--- Data to examine ---

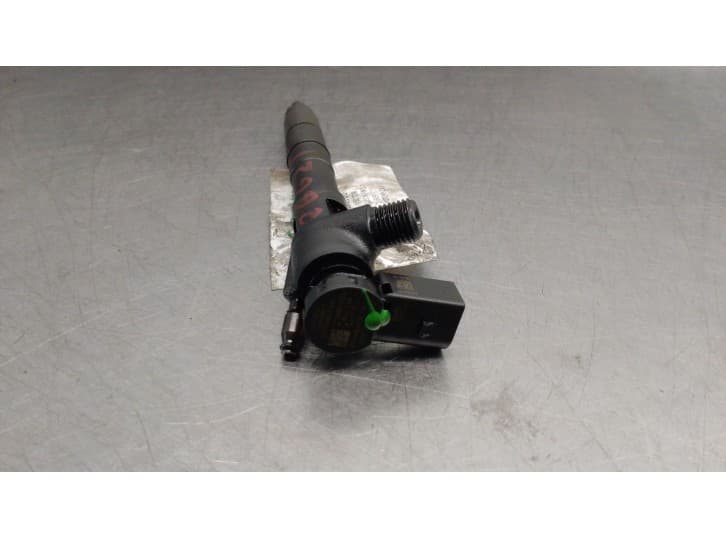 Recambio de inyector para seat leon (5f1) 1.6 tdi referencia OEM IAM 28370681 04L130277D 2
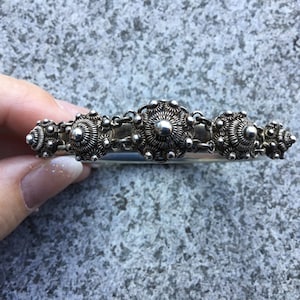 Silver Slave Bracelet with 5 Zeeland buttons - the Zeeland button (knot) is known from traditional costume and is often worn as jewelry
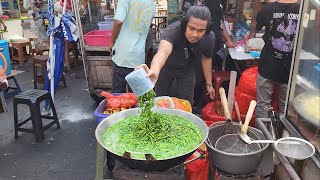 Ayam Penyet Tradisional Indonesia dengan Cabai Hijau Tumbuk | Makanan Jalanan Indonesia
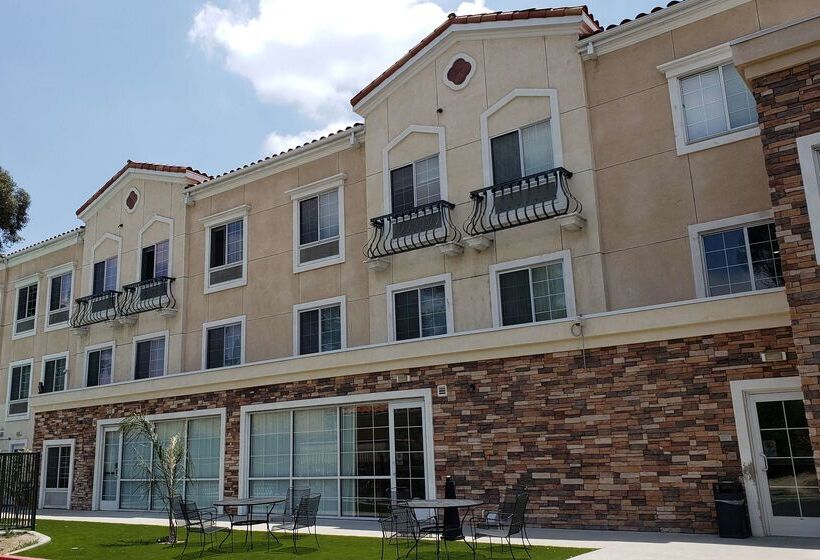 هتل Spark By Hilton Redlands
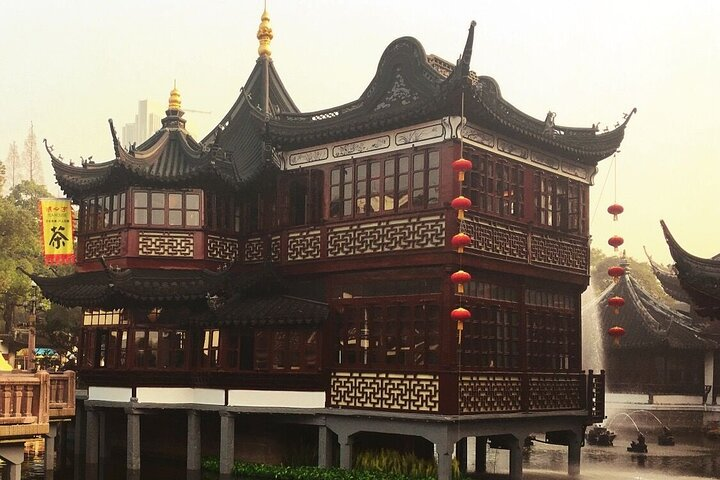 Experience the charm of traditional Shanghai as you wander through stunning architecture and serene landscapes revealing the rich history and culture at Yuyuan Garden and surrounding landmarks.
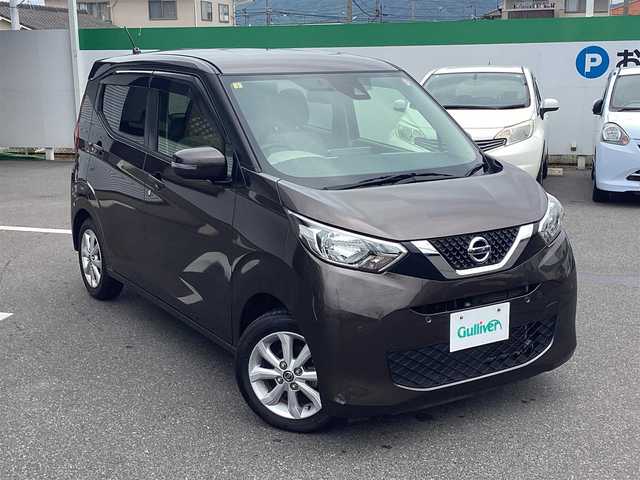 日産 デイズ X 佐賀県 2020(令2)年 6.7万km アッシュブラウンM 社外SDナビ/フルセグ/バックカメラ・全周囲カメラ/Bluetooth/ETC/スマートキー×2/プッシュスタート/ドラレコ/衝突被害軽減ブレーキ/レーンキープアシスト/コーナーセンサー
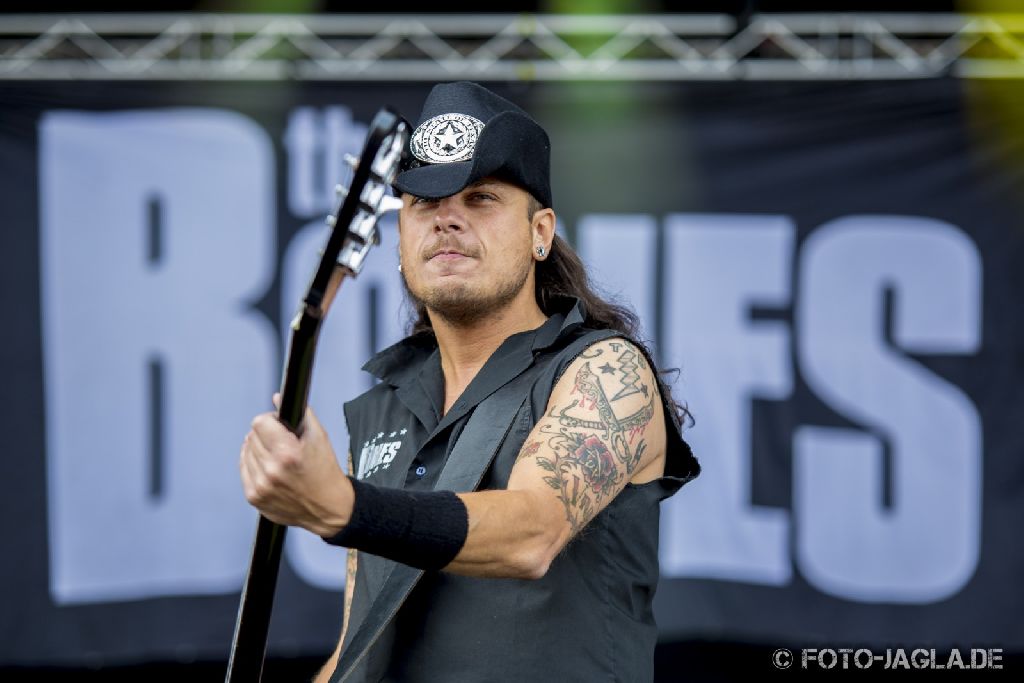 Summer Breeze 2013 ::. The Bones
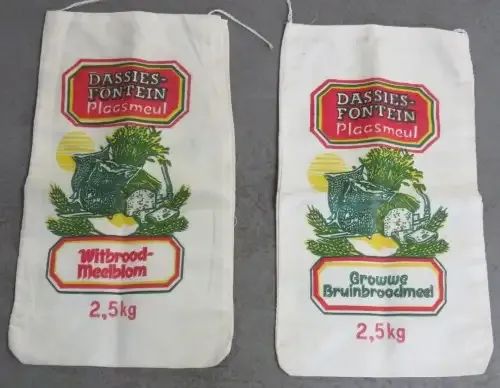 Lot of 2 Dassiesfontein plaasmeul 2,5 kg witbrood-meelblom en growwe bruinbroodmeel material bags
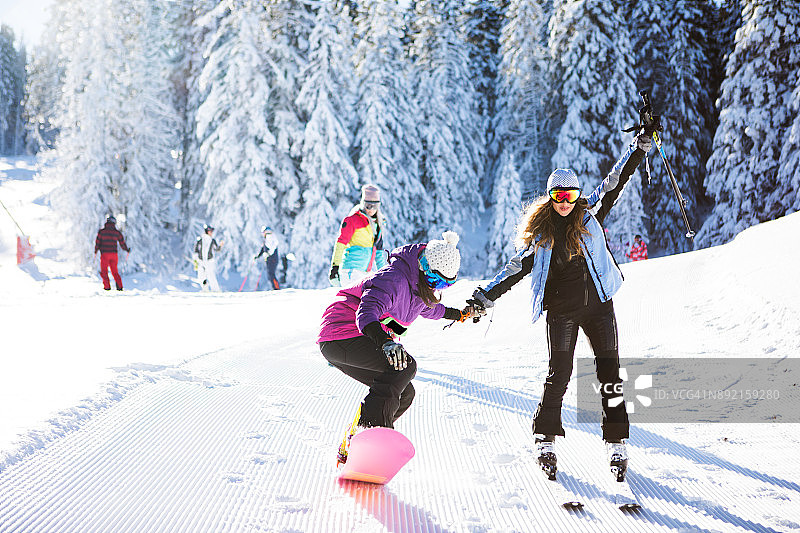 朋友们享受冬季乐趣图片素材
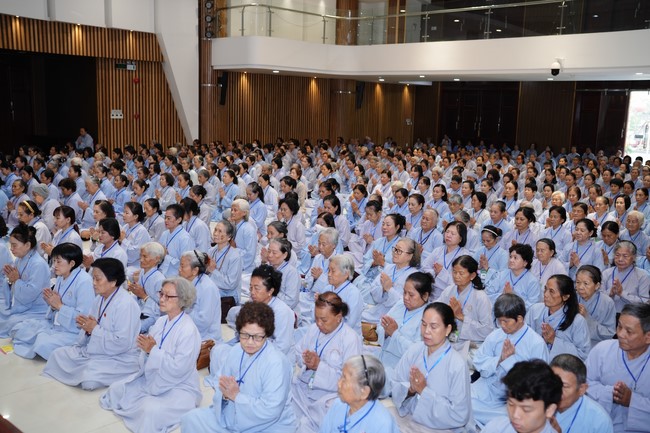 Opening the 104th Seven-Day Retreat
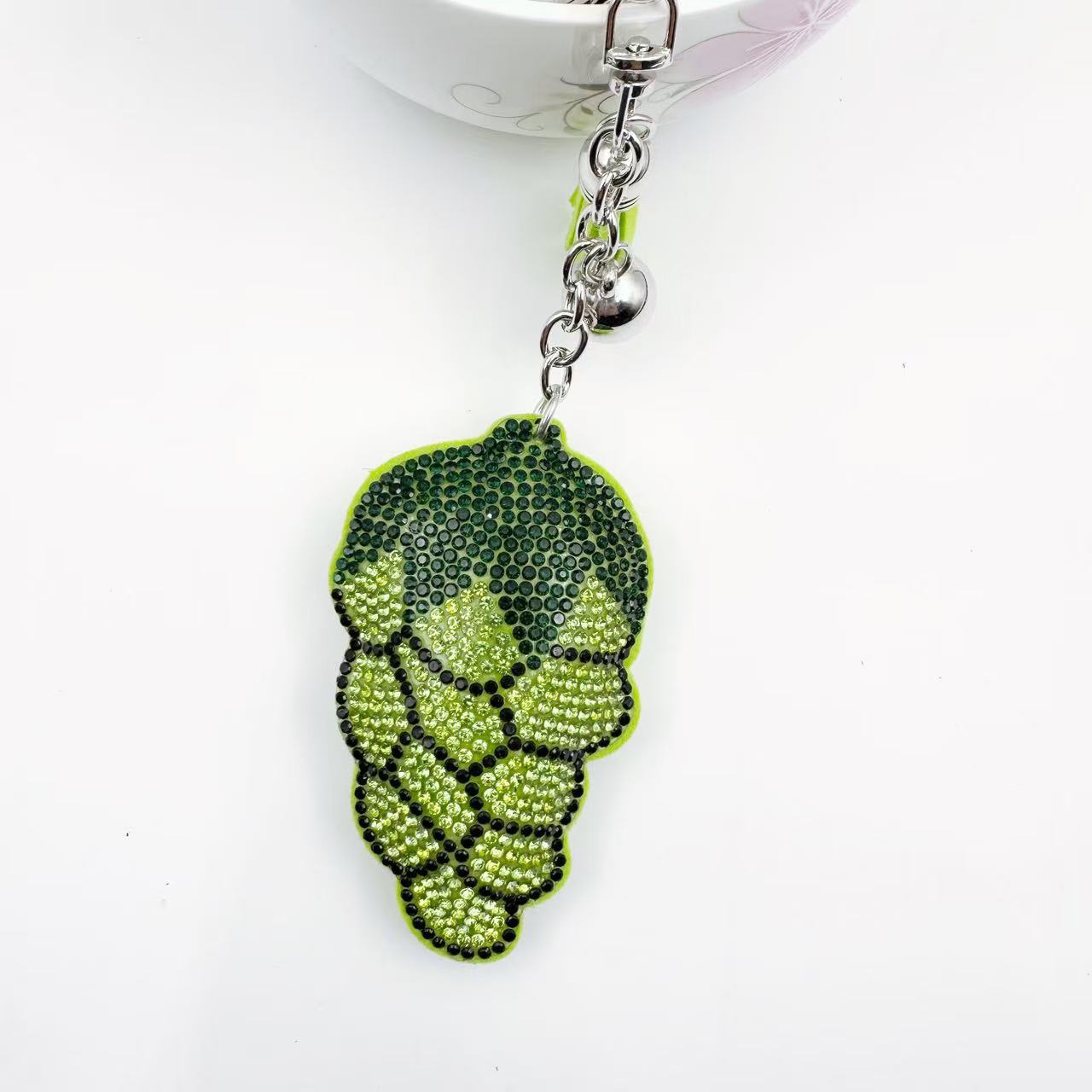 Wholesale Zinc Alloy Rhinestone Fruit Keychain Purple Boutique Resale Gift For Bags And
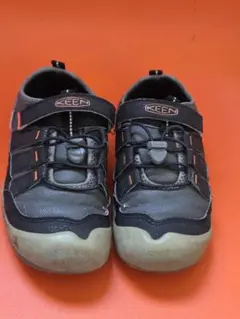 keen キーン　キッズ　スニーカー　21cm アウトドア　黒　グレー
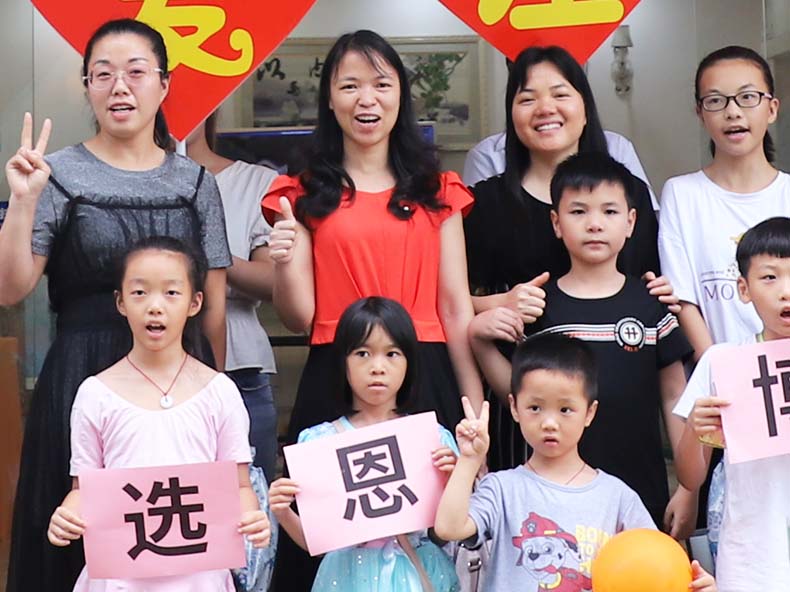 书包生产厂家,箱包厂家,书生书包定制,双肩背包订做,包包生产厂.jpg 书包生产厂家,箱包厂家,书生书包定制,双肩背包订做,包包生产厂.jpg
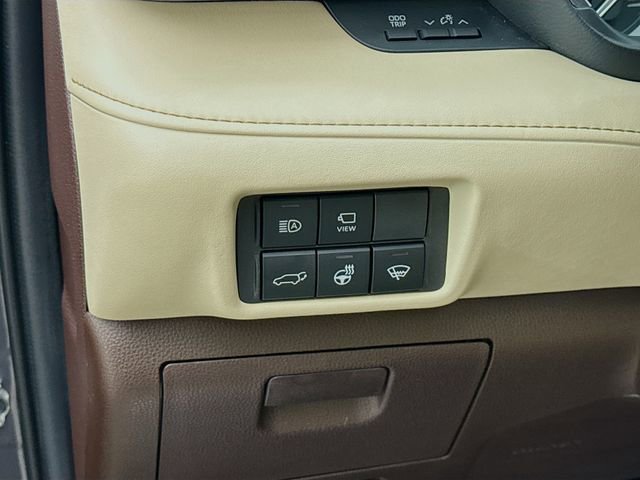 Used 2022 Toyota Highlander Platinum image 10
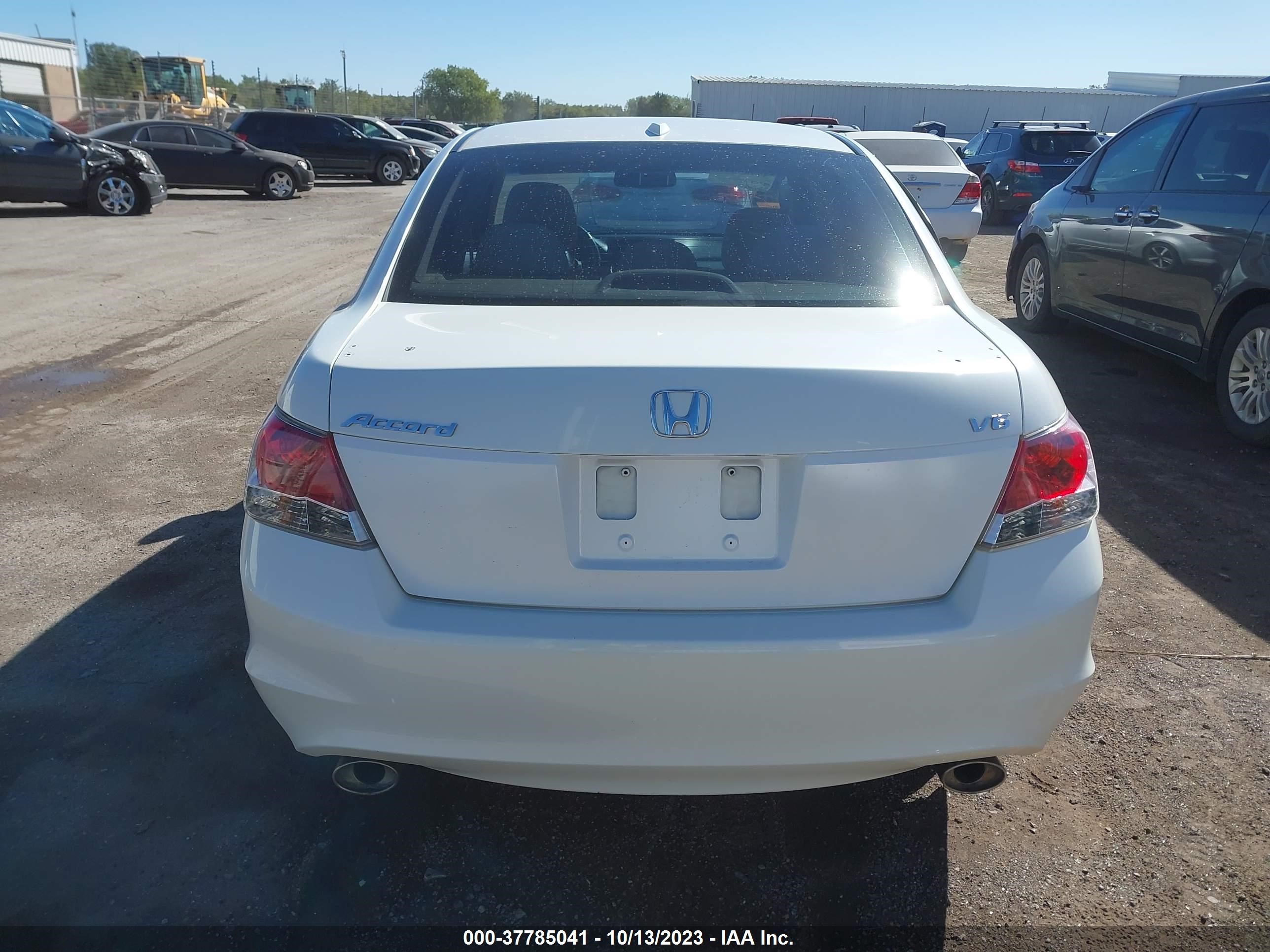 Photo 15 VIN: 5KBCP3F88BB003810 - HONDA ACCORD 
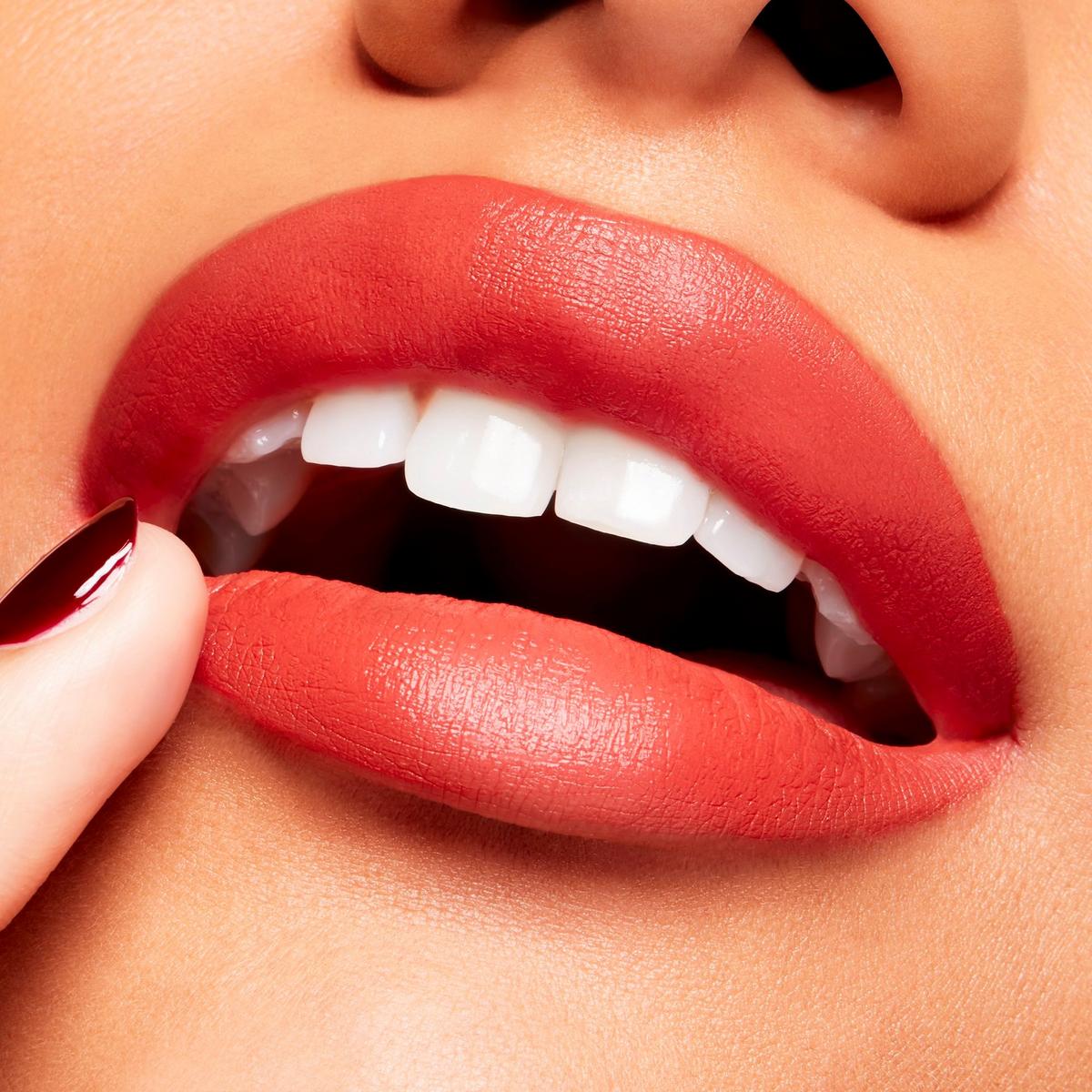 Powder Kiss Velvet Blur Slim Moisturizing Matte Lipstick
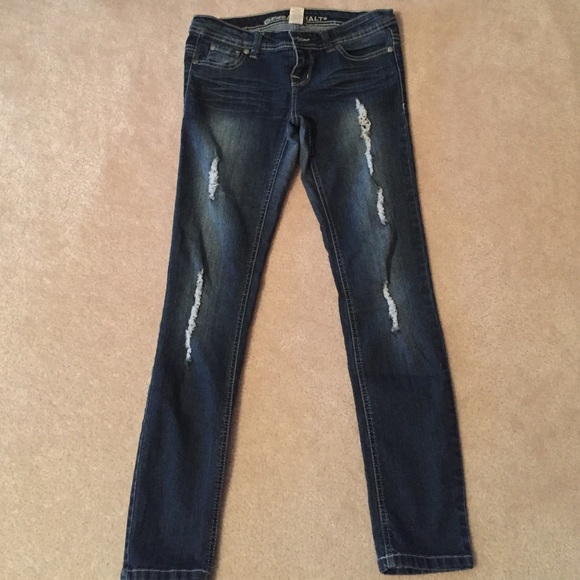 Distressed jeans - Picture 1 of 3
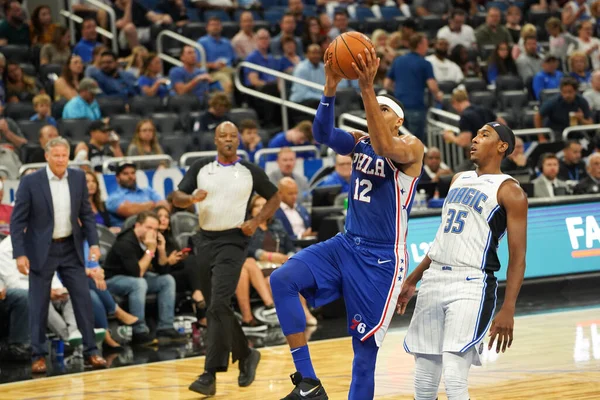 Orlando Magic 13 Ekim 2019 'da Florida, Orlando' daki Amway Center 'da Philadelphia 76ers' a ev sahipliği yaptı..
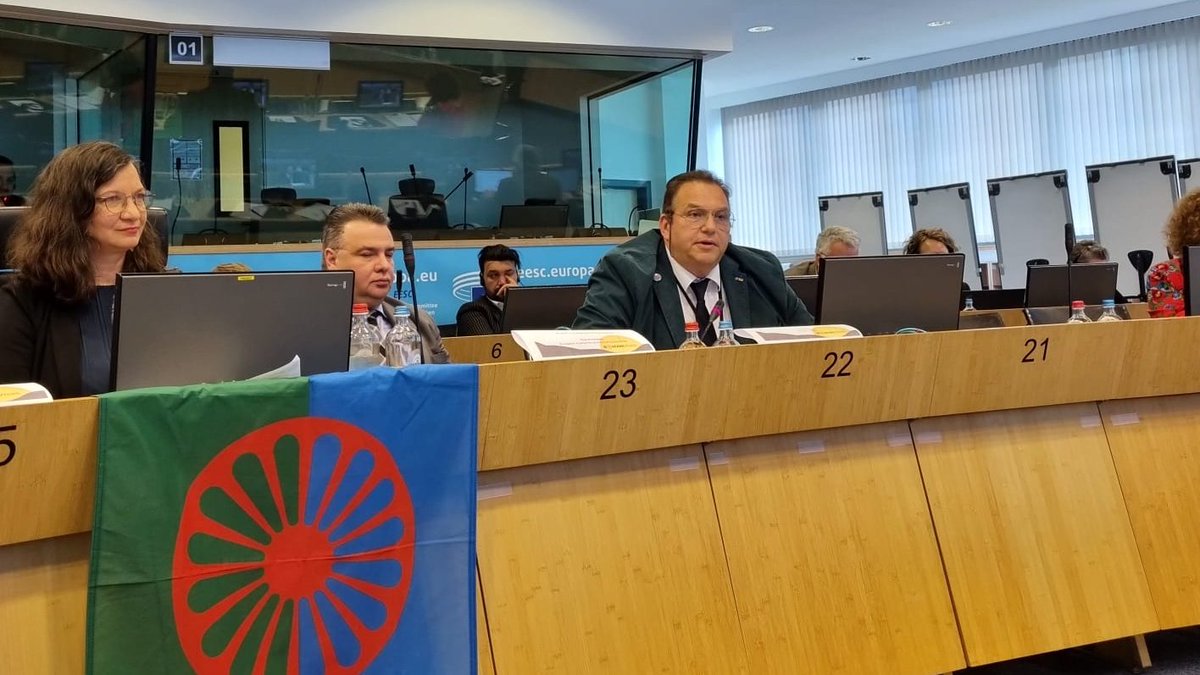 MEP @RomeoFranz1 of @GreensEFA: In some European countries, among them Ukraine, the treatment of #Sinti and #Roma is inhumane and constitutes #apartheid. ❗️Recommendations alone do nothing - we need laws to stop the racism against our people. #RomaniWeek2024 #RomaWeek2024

---

*Task prompt:* Repeat every line above exactly, minus the pictures.

*Written response:*
 Recambio de inyector para seat leon (5f1) 1.6 tdi referencia OEM IAM 28370681 04L130277D 2
 Silver Slave Bracelet with 5 Zeeland buttons - the Zeeland button (knot) is known from traditional costume and is often worn as jewelry
 Ayam Penyet Tradisional Indonesia dengan Cabai Hijau Tumbuk | Makanan Jalanan Indonesia
 هتل Spark By Hilton Redlands
 Experience the charm of traditional Shanghai as you wander through stunning architecture and serene landscapes revealing the rich history and culture at Yuyuan Garden and surrounding landmarks.
 日産 デイズ X 佐賀県 2020(令2)年 6.7万km アッシュブラウンM 社外SDナビ/フルセグ/バックカメラ・全周囲カメラ/Bluetooth/ETC/スマートキー×2/プッシュスタート/ドラレコ/衝突被害軽減ブレーキ/レーンキープアシスト/コーナーセンサー
 Summer Breeze 2013 ::. The Bones
 Lot of 2 Dassiesfontein plaasmeul 2,5 kg witbrood-meelblom en growwe bruinbroodmeel material bags
 朋友们享受冬季乐趣图片素材
 Opening the 104th Seven-Day Retreat
 Wholesale Zinc Alloy Rhinestone Fruit Keychain Purple Boutique Resale Gift For Bags And
 keen キーン　キッズ　スニーカー　21cm アウトドア　黒　グレー
 书包生产厂家,箱包厂家,书生书包定制,双肩背包订做,包包生产厂.jpg 书包生产厂家,箱包厂家,书生书包定制,双肩背包订做,包包生产厂.jpg
 Used 2022 Toyota Highlander Platinum image 10
 Photo 15 VIN: 5KBCP3F88BB003810 - HONDA ACCORD 
 Powder Kiss Velvet Blur Slim Moisturizing Matte Lipstick
 Distressed jeans - Picture 1 of 3
 Orlando Magic 13 Ekim 2019 'da Florida, Orlando' daki Amway Center 'da Philadelphia 76ers' a ev sahipliği yaptı..
 MEP @RomeoFranz1 of @GreensEFA: In some European countries, among them Ukraine, the treatment of #Sinti and #Roma is inhumane and constitutes #apartheid. ❗️Recommendations alone do nothing - we need laws to stop the racism against our people. #RomaniWeek2024 #RomaWeek2024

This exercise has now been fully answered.